# Handguns during Early Archery Season



## smirker (Dec 25, 2014)

What due you guys think about the handgun hunting during the early archery(Deer) season? DNR meetings coming up. Just wondering if anyone else would be interested and why or why not.........


----------



## Unicoidawg (Dec 25, 2014)

No..... a handgun is a gun, not a type of archery equipment.


----------



## Beenthere&donethat (Dec 25, 2014)

No for me as well.


----------



## Philbow (Dec 25, 2014)

No.


----------



## Bama B (Dec 26, 2014)

Nope


----------



## satchmo (Dec 26, 2014)

I can see allowing handguns during m/l season, but not archery. A gun is a gun.


----------



## NE GA Pappy (Dec 26, 2014)

if not a handgun, then why allow cross bow.

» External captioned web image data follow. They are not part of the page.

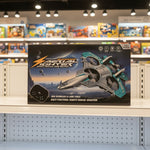 R/C COMBAT AIR CRAFT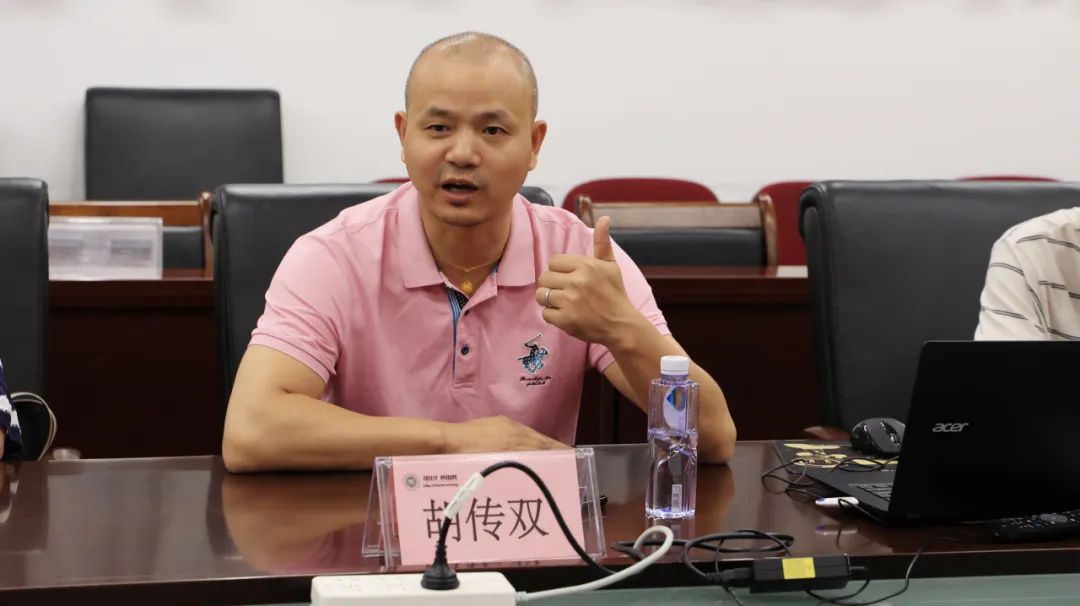 校企“雙向奔赴”！手机AV看片网站牽手華南農業大學共建基地 實現產學共贏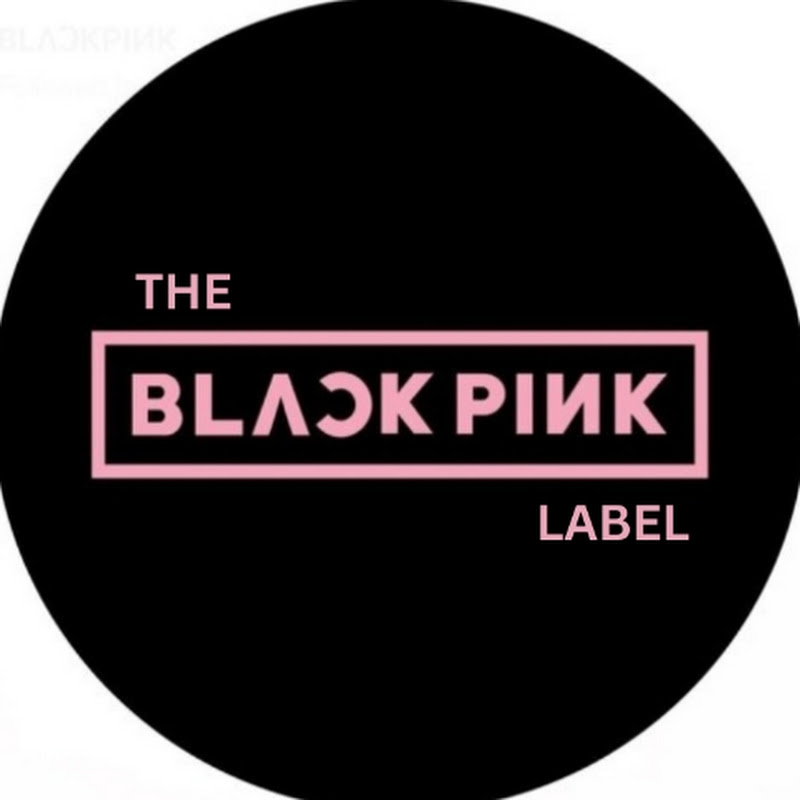 THEBLACKPINKLABEL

Yep, I know a handgun is a gun, but they have similar restrictions on shooting that a crossbow does.  If you want to restrict the shooting range more, then only allow iron sights or something.  Put a limit on the cartridge, minimum ft/lb and let it run.

Shoot, anything that allows us more freedom to choose how we wish to participate in the outdoors is great.


----------



## Gadestroyer74 (Dec 26, 2014)

A gun is a gun and has no place in archery season to be used for hunting. If your going to allow them in archery season might aswell do away with bow and muzzle loader and make the whole entire season gun season. I don't know what the hang is wanting to change everytbing . People that are law breakers Gonna do it no matter what the season or laws are.No for hunting with them yes for protection glad we can carry with a ccw


----------



## bluemarlin (Dec 26, 2014)

neva happen.


----------



## Alan in GA (Dec 26, 2014)

*no.....*

no no no no no.....and...no.
I wouldn't be against 'no crossbows' either. 
Long bows, recurves, compound bows are dependant on bodily strength and form at the shot.
I know some would like 'no compounds' too, and even though I'm not a long bow/self bow hunter, I could agree on a separate season for them, too....if it could be worked out. Maybe like muzzle loader week, a long bow [no cams/wheels] week or two as well.
Just thinking out loud.
By the way I enjoy handguns and rifles for hunting, but have been using only a compound bow for 9 years now. Have not had any invitations to visit or join a gun lease club.


----------



## Unicoidawg (Dec 26, 2014)

NE GA Pappy said:


> if not a handgun, then why allow cross bow.
> 
> Yep, I know a handgun is a gun, but they have similar restrictions on shooting that a crossbow does.  If you want to restrict the shooting range more, then only allow iron sights or something.  Put a limit on the cartridge, minimum ft/lb and let it run.
> 
> Shoot, anything that allows us more freedom to choose how we wish to participate in the outdoors is great.



Handgun uses "gun powder" crossbow does not.......


----------



## frankwright (Dec 26, 2014)

No!


----------



## csgreen1 (Dec 26, 2014)

Yes with iron sights!


----------



## Troy Butler (Jan 6, 2015)

they who gun hunt have over two months I like the peace and quite of bow season. If people can not kill a deer with a gun  from late October till the end of December or later then something is wrong.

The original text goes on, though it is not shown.